Ein einig Volk von Christen?

Ein einig Volk von Christen?

Frau mit Kreuz (Christin)

Frau mit Kreuz (Christin)

Im Aargau berufen sich die zwei Landeskirchen, etwa zehn Freikirchen und mindestens eine Sekte auf die Bibel. Das sind 80 Prozent der Bevölkerung im Kanton. Doch – glauben alle dasselbe?

Sabine Kuster

Der «Sonntag» stellte an dieser Stelle vor zwei Wochen fünf gläubige Musliminnen vor.
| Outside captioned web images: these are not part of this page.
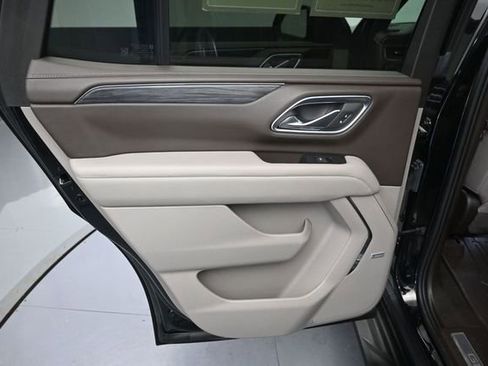 Used 2023 GMC Yukon SLT w/ SLT Premium Package AWD/4WD image 30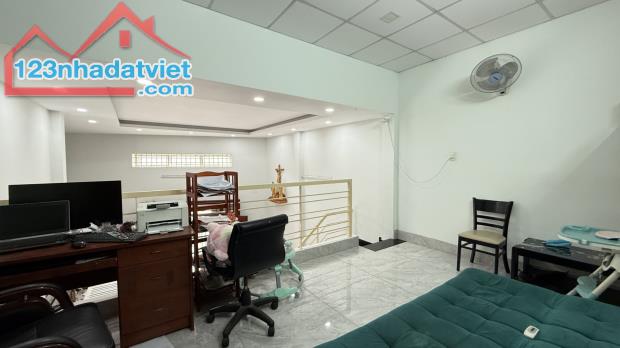 NGON NÈ, Bán Nhà HXH tránh Nguyễn Duy Cung, 76m2, 6 tỷ TL 0964364745 - 3
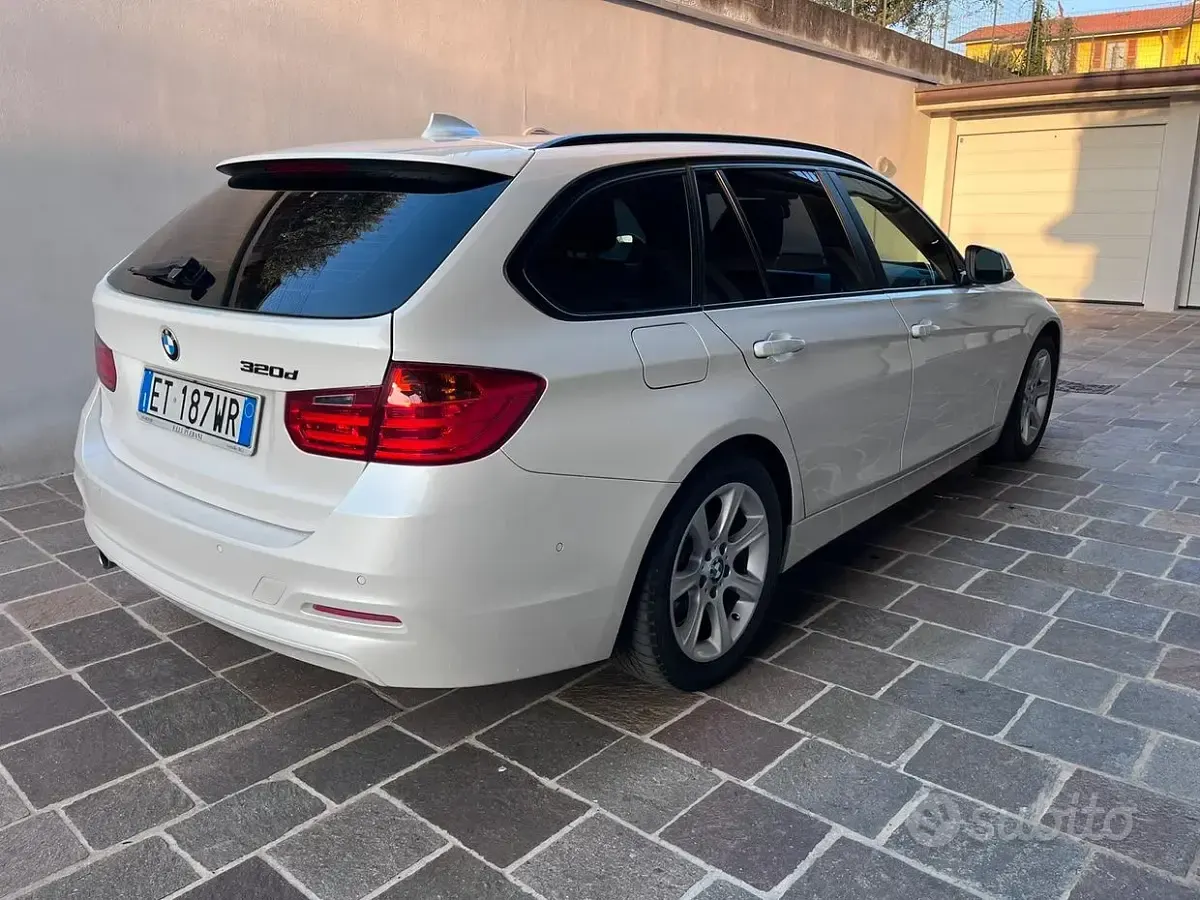 Usata BMW 320 Advantage 184 CV (135 kW) 2014 Bianco Station wagon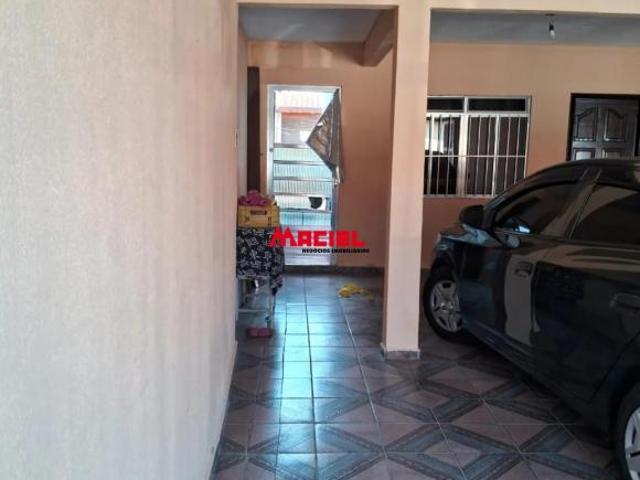 Casa Padrão em Sao Jose dos Campos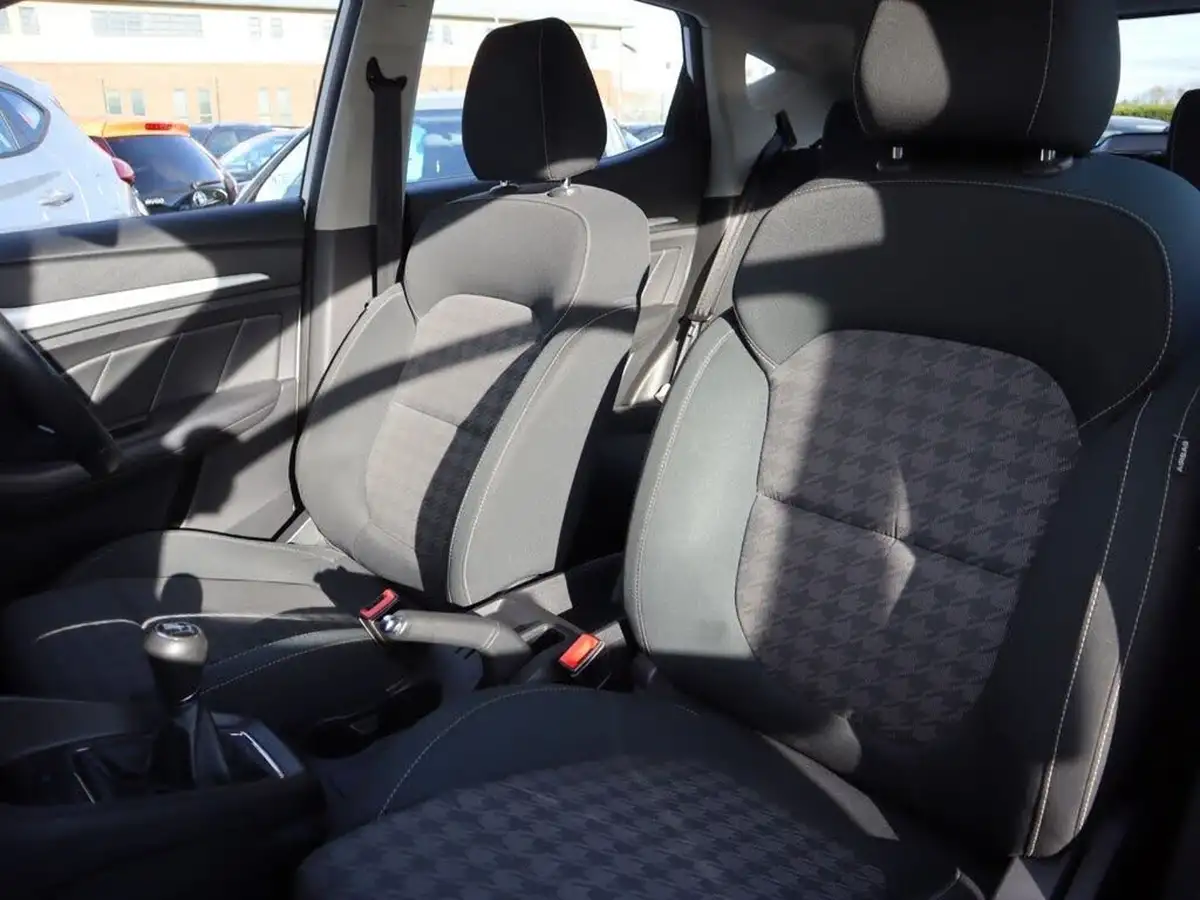 2019-mg-zs-suv-15-vti-tech-excite-106ps-big-40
Doch was ist mit den Christinnen und Christen im Aargau? Zumindest darin sind sie sich einig: Gott hat die Welt erschaffen. Doch wenige Zeilen weiter in der Bibel, wo es ums Paradies geht, scheiden sich die christlichen Geister. «Adam und Eva haben nicht gelebt», sagte die reformierte Akke Goudsmit in Windisch. «Es ist bloss eine Legende, um deutlich zu machen, wie die Menschen miteinander umgehen.» Die Katholikin Susanne Ganarin aus Wohlen pflichtet ihr bei. Die beiden Mitglieder der Freikirchen sind nicht einverstanden. Dennoch basiert der Glaube von allen auf der Bibel.
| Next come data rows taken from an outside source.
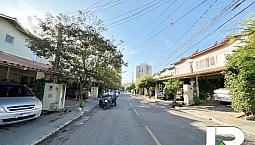Sobrado Em Condominio Com 3 Quartos No Setor Marechal Rondon Em Goiania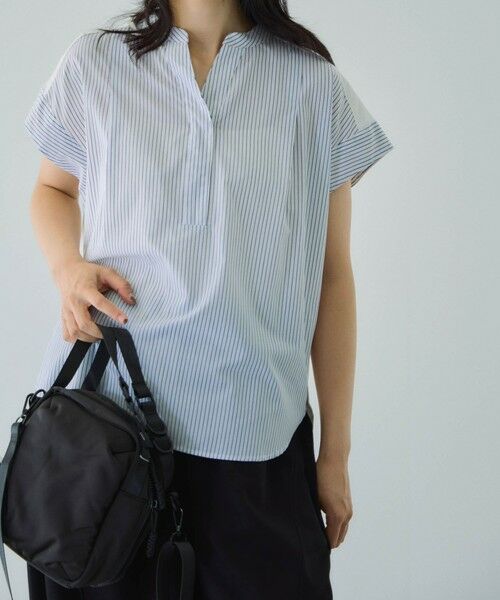 VICKY / ビッキー シャツ・ブラウス | ストライプフェイスキーネックブラウス≪洗濯機で洗える≫ | 詳細1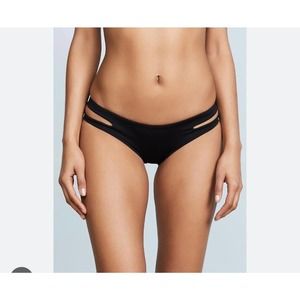 L*Space Estella pebble bottom. NWT’s. Size medium.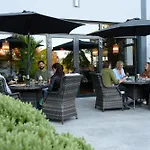 Newtown Park Hotell 3*
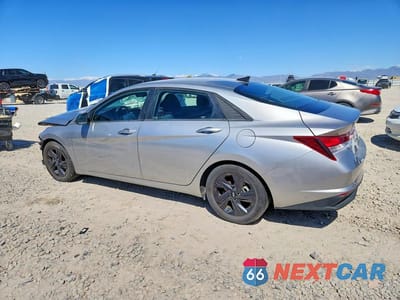 Drugie zdjęcie samochodu z przodu: 2022 HYUNDAI ELANTRA SEL VIN:5NPLM4AG0NH075246 - miniatura
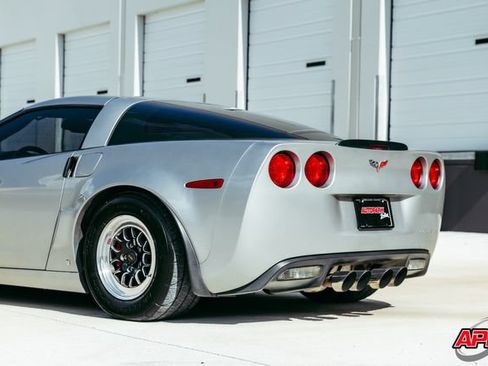 Used 2006 Chevrolet Corvette Z06 w/ Preferred Equipment Group RWD image 46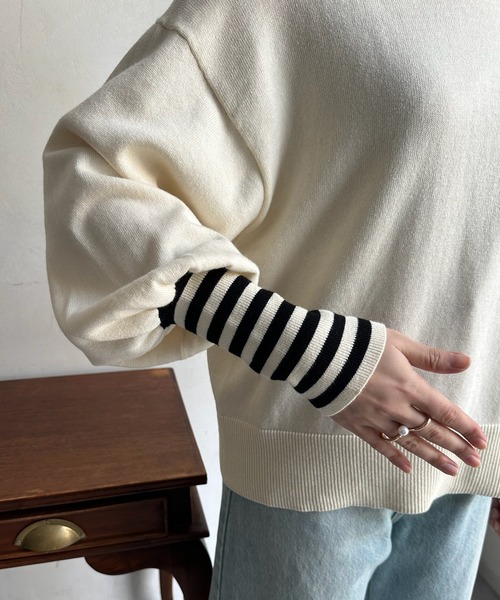 DouDou(ドゥドゥ)の「【WEB限定】 袖ボーダーパフスリーブニット(ニット/セーター・レディース・ブラック/オフホワイト・FREE)」の15枚目の写真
Die folgenden Porträts vermögen in ihrer Kürze bloss an der Oberfläche der unterschiedlichen Glaubensrichtungen zu kratzen. Doch sie sollen vor allem zweierlei zeigen:

Erstens: Die Vielfalt an Glaubensgruppierungen im Aargau neben der Katholischen und der Reformierten Landeskirche.

Nicht porträtiert wurden hier aus Platzgründen zum Beispiel Mitglieder der Minoritätsgemeinde, der Freien Christengemeinde, des Evangelischen Brüdervereins, der Baptistengemeinde, der Pfingstgemeinde, der Methodistischen Kirche und der Heilsarmee. Der Glaube der Freikirchen basiert auf dem Evangelium, also vor allem dem Neuen Testament, und diesbezüglich gibt es bei den meisten von ihnen keinen Interpretationsspielraum, die Bibel wird wortwörtlich verstanden.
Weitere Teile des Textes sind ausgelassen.